Dimension	Debezium + Kafka + ES Connector	RisingWave + ES Sink
Infrastructure	Kafka, Schema Registry, Connect cluster	RisingWave only
Index transformation	SMTs (limited) or stream processor	Full SQL
Multiple ES indexes	Fan-out via separate sink connectors	One sink per materialized view
Replay / reprocessing	Kafka retention enables replay	Re-create materialized view
Multi-consumer fan-out	Yes — Kafka serves many downstream systems	No native Kafka fan-out
Enrichment with joins	Requires Kafka Streams or Flink	Native SQL JOINs
Operational complexity	High	Low

When to Use Debezium + Kafka

Use the Debezium → Kafka → Elasticsearch pattern when:

Multiple downstream systems consume the same change stream (another team reads the same Kafka topic for audit, another for analytics).
You need complex routing — different document types going to different indexes based on event content.
Your organization already operates a Kafka platform and wants consistency.
You need long-term event replay capability that outlasts any single system's lifecycle.

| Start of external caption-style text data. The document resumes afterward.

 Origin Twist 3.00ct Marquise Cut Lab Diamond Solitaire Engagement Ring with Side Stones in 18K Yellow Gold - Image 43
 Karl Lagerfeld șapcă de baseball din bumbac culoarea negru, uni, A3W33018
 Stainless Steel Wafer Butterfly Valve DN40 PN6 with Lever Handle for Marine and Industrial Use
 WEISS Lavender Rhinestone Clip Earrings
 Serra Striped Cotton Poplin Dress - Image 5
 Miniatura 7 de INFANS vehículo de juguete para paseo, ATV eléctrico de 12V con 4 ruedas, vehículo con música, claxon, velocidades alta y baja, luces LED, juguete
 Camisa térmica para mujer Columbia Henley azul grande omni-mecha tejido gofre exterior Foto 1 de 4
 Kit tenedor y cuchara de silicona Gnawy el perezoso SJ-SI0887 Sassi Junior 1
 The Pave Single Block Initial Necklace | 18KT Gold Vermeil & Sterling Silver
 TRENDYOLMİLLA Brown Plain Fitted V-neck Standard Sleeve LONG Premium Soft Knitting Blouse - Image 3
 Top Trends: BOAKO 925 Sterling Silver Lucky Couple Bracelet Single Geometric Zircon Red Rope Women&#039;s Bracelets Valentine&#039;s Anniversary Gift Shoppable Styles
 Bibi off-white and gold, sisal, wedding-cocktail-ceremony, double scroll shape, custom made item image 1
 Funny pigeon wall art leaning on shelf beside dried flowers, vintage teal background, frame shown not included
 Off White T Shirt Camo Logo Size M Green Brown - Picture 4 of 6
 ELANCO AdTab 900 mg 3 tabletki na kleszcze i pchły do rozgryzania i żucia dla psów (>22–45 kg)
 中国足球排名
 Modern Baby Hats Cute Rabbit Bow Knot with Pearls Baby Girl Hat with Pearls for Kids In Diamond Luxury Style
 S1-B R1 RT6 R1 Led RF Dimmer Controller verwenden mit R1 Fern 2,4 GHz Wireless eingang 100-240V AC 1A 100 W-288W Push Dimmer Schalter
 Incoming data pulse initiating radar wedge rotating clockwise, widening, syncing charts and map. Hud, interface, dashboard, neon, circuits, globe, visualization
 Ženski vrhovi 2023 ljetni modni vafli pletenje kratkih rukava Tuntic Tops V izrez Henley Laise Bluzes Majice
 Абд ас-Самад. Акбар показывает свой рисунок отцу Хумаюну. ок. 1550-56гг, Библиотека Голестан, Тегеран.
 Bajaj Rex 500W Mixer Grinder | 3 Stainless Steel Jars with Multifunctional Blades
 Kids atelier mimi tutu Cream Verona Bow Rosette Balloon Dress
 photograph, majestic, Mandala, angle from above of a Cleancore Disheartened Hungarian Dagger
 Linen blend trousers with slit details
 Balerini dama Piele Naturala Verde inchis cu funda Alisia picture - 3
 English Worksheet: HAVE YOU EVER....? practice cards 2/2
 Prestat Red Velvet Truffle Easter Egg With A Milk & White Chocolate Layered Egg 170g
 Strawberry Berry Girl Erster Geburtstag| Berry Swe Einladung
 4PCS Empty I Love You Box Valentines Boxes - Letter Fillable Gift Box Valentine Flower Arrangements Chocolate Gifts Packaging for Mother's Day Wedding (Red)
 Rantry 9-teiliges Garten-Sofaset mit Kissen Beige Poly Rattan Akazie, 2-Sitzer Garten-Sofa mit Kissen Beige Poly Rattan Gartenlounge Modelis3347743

When RisingWave Is the Better Fit

Use RisingWave when:

Elasticsearch is the primary or only consumer of the CDC stream.
You need SQL-level transformations before indexing — joining with other tables, computing derived fields, filtering rows.
You want to reduce infrastructure footprint — fewer moving parts, fewer deployment units.
The team is more comfortable with SQL than with Kafka connector configuration.

Hybrid Architecture

These approaches are not mutually exclusive. Many teams run both:

Debezium publishes changes to Kafka for microservices and audit systems.
RisingWave reads from Kafka (or directly from PostgreSQL) and maintains materialized views that feed Elasticsearch.

This gives you the fan-out benefits of Kafka without burdening Elasticsearch with raw Debezium event shapes.

FAQ

Q: Does RisingWave's Elasticsearch sink support index aliases and routing? Yes. You can configure the index parameter to point to an alias, and routing keys can be derived from materialized view columns. Check the RisingWave sink documentation for the full parameter list.

Q: What happens if Elasticsearch is temporarily unavailable? With Debezium + Kafka, messages accumulate in Kafka and are delivered when Elasticsearch recovers. With RisingWave, the sink will retry and buffer internally, but Kafka provides stronger durability guarantees for this scenario if Elasticsearch outages are frequent.

Q: Can RisingWave write to multiple Elasticsearch indexes? Yes — create one sink per materialized view. Each view can filter or transform data differently and target a different index. There is no single-connector fan-out like Kafka, but the SQL model makes multi-index writes straightforward.

Q: How does schema evolution work? With Debezium + Schema Registry, schema changes are tracked automatically. With RisingWave, you ALTER TABLE or recreate the source table definition; the materialized view adjusts on the next refresh cycle. For adding new columns, RisingWave handles this gracefully.

Q: Is there latency overhead from the materialized view layer? Materialized views in RisingWave are incrementally maintained — they do not re-execute from scratch on every change. Latency from WAL capture to Elasticsearch is typically under one second under normal load.